### YOUR ASSIGNMENT
After locating the line that contains "The small handheld" in the records below, write out exactly that line and each line after it through the one that contains "In Half-Sword, parrying", and nothing else.

### RECORD EXCERPTS
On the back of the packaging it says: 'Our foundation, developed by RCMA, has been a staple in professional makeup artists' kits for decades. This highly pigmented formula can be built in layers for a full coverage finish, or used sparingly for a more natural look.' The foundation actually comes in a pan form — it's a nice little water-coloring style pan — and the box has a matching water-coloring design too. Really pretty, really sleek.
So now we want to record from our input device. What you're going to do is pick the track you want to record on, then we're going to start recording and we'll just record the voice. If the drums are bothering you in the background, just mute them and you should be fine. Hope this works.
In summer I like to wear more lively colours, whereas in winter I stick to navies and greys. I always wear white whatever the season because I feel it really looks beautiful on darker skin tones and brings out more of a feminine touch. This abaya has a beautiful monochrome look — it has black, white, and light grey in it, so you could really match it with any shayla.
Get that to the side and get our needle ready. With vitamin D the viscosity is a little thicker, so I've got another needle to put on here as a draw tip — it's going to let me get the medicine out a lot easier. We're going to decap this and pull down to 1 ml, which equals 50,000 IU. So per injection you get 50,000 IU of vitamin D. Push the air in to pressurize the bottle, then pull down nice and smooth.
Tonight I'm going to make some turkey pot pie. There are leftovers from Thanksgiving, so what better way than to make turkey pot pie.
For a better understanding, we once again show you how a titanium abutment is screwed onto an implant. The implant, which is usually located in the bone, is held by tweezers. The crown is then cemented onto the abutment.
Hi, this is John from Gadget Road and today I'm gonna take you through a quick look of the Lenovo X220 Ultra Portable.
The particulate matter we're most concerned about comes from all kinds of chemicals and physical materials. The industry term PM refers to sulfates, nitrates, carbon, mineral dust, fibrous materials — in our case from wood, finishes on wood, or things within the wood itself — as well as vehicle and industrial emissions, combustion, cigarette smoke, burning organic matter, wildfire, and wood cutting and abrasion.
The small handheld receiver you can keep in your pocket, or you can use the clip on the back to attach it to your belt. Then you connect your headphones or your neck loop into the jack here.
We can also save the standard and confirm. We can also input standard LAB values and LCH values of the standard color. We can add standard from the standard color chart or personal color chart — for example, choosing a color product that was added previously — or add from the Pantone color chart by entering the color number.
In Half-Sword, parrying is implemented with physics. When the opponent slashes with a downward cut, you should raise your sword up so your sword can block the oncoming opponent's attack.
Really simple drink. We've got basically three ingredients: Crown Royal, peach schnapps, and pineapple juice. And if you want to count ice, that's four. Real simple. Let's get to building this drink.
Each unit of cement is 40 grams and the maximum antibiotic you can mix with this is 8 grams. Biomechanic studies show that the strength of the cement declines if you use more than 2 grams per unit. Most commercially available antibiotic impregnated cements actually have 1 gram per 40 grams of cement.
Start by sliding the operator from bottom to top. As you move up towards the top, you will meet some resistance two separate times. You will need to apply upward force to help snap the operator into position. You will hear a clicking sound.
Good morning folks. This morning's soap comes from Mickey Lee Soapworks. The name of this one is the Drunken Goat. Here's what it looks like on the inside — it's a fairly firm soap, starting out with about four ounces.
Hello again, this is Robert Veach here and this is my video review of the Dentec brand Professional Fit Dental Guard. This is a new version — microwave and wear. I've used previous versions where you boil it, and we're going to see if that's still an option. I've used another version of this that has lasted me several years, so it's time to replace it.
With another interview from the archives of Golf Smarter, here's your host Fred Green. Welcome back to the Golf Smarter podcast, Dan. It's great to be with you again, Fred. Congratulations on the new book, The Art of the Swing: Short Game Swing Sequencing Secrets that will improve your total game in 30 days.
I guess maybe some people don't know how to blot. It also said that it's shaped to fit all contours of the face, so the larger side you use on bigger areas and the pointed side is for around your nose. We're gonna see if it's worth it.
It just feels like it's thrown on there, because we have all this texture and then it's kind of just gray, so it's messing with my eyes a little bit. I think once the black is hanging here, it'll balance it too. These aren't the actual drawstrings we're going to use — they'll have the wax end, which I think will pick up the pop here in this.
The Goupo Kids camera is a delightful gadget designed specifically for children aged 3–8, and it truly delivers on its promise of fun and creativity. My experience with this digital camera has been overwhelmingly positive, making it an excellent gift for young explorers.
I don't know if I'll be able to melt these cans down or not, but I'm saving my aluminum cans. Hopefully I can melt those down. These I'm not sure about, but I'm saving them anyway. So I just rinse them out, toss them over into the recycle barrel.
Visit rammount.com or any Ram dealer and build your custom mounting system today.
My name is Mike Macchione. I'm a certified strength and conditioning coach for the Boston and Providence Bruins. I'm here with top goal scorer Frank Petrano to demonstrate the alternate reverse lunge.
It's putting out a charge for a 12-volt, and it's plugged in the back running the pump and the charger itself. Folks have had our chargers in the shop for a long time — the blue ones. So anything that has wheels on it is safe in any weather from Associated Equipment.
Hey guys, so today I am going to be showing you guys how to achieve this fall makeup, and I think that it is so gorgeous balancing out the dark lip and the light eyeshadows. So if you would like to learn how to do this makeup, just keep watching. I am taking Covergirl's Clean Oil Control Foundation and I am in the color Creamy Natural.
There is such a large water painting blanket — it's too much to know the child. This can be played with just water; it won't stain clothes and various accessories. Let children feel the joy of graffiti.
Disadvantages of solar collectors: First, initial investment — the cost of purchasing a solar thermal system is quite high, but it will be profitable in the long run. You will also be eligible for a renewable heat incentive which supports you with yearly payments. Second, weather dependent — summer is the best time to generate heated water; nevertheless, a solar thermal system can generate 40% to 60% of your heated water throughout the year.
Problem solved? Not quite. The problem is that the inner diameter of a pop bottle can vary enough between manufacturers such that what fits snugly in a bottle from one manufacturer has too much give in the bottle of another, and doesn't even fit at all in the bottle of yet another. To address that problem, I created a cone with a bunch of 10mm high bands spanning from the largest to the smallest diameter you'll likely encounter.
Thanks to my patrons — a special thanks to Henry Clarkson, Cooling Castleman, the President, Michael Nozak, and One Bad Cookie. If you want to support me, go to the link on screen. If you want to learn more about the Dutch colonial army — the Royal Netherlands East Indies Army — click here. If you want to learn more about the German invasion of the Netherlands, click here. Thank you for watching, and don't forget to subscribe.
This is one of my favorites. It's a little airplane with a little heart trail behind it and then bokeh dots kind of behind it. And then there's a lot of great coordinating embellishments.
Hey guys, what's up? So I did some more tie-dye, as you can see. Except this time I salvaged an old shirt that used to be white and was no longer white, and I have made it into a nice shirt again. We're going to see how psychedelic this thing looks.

### TASK SOLUTION
The small handheld receiver you can keep in your pocket, or you can use the clip on the back to attach it to your belt. Then you connect your headphones or your neck loop into the jack here.
We can also save the standard and confirm. We can also input standard LAB values and LCH values of the standard color. We can add standard from the standard color chart or personal color chart — for example, choosing a color product that was added previously — or add from the Pantone color chart by entering the color number.
In Half-Sword, parrying is implemented with physics. When the opponent slashes with a downward cut, you should raise your sword up so your sword can block the oncoming opponent's attack.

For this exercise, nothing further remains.